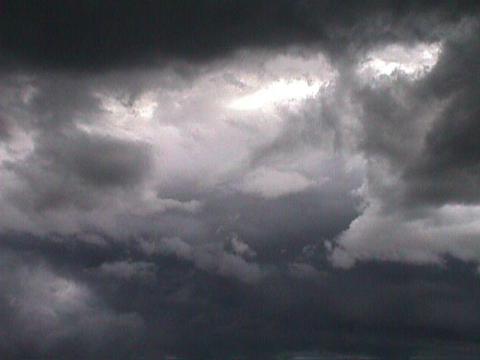 Foto des Tages vom 14.09.2001: Schwarze Wolken: Da braut sich was zusammen :-)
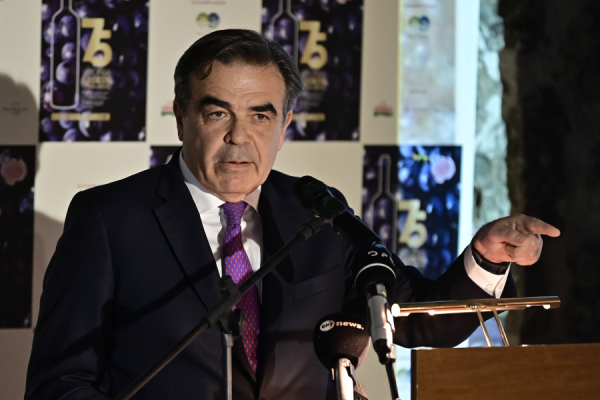 Πρεμιέρα Μ. Σχοινά στο έργο «αγάπη μου, δεν είναι αυτό που νομίζεις»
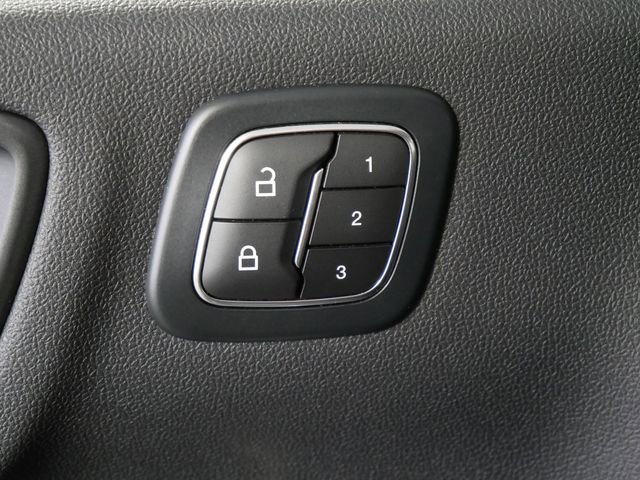 Certified 2024 Ford Escape Platinum image 18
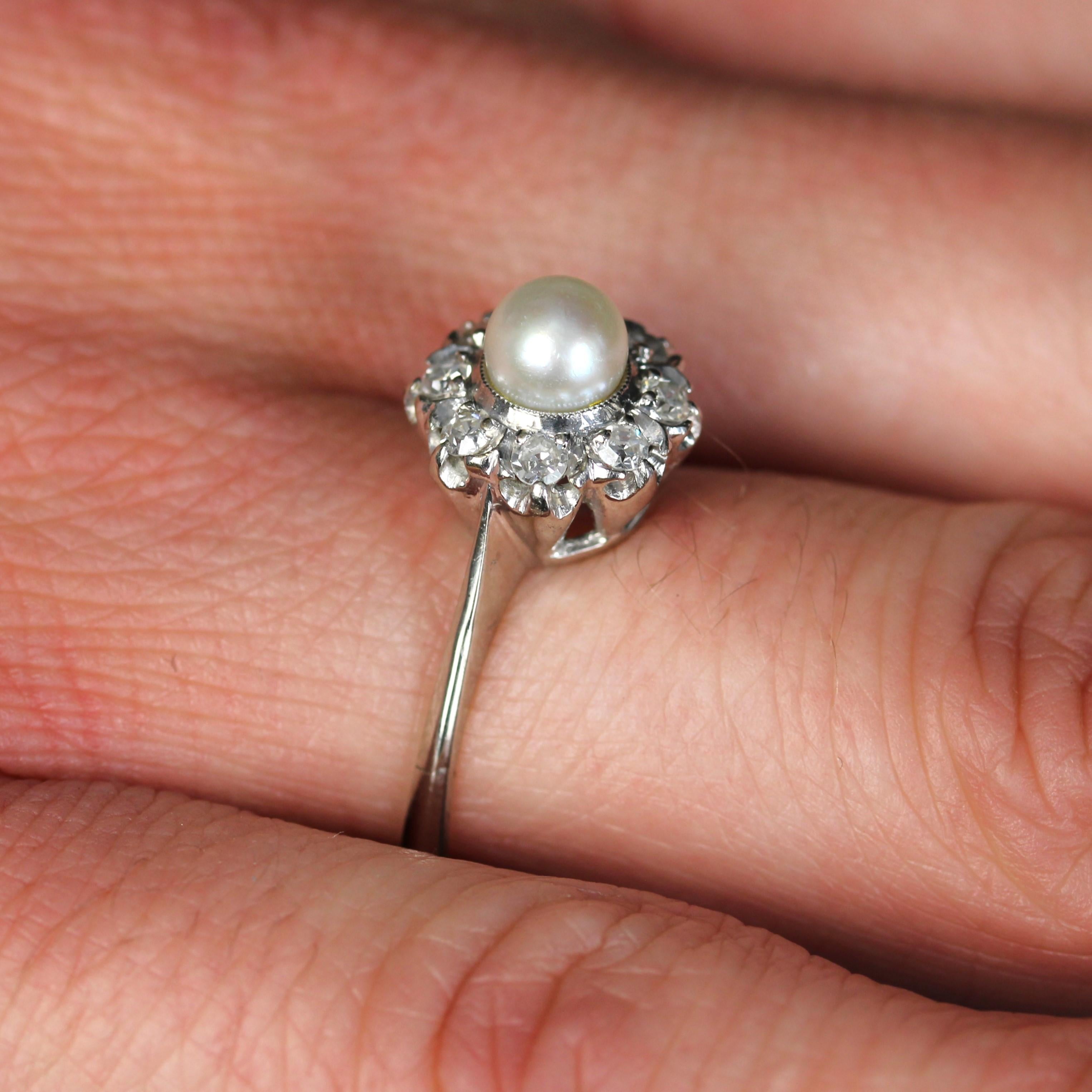 French 1970s Cultured Pearl Diamonds 18 Karat White Gold Daisy Ring For Sale 4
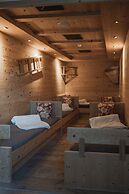 Hotel Emmy - five elements
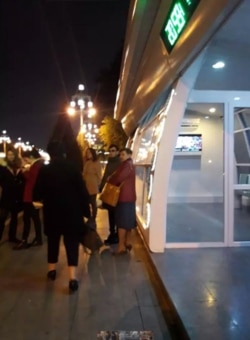 Перед началом оперы "Паяцы" в Ашхабаде, 19 ноября, 2019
-----
§ HOW TO COMPLETE THIS TASK: Transcribe the records above exactly, excluding every picture.

§ TASK ANSWER:
 Foto des Tages vom 14.09.2001: Schwarze Wolken: Da braut sich was zusammen :-)
 Πρεμιέρα Μ. Σχοινά στο έργο «αγάπη μου, δεν είναι αυτό που νομίζεις»
 Certified 2024 Ford Escape Platinum image 18
 French 1970s Cultured Pearl Diamonds 18 Karat White Gold Daisy Ring For Sale 4
 Hotel Emmy - five elements
 Перед началом оперы "Паяцы" в Ашхабаде, 19 ноября, 2019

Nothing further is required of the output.